To do = Your response should consist of every line below, reproduced without alteration.

(Short descriptive text snippets)
┄┄┄┄┄┄┄┄┄┄

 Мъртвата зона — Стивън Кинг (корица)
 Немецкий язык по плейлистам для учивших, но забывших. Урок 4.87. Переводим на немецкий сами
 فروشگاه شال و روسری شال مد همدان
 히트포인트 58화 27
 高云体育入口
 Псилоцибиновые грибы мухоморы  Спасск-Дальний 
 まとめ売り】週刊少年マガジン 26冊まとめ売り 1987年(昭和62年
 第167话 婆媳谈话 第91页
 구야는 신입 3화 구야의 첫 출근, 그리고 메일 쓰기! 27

┄┄┄┄┄┄┄┄┄┄

Written solution =
 Мъртвата зона — Стивън Кинг (корица)
 Немецкий язык по плейлистам для учивших, но забывших. Урок 4.87. Переводим на немецкий сами
 فروشگاه شال و روسری شال مد همدان
 히트포인트 58화 27
 高云体育入口
 Псилоцибиновые грибы мухоморы  Спасск-Дальний 
 まとめ売り】週刊少年マガジン 26冊まとめ売り 1987年(昭和62年
 第167话 婆媳谈话 第91页
 구야는 신입 3화 구야의 첫 출근, 그리고 메일 쓰기! 27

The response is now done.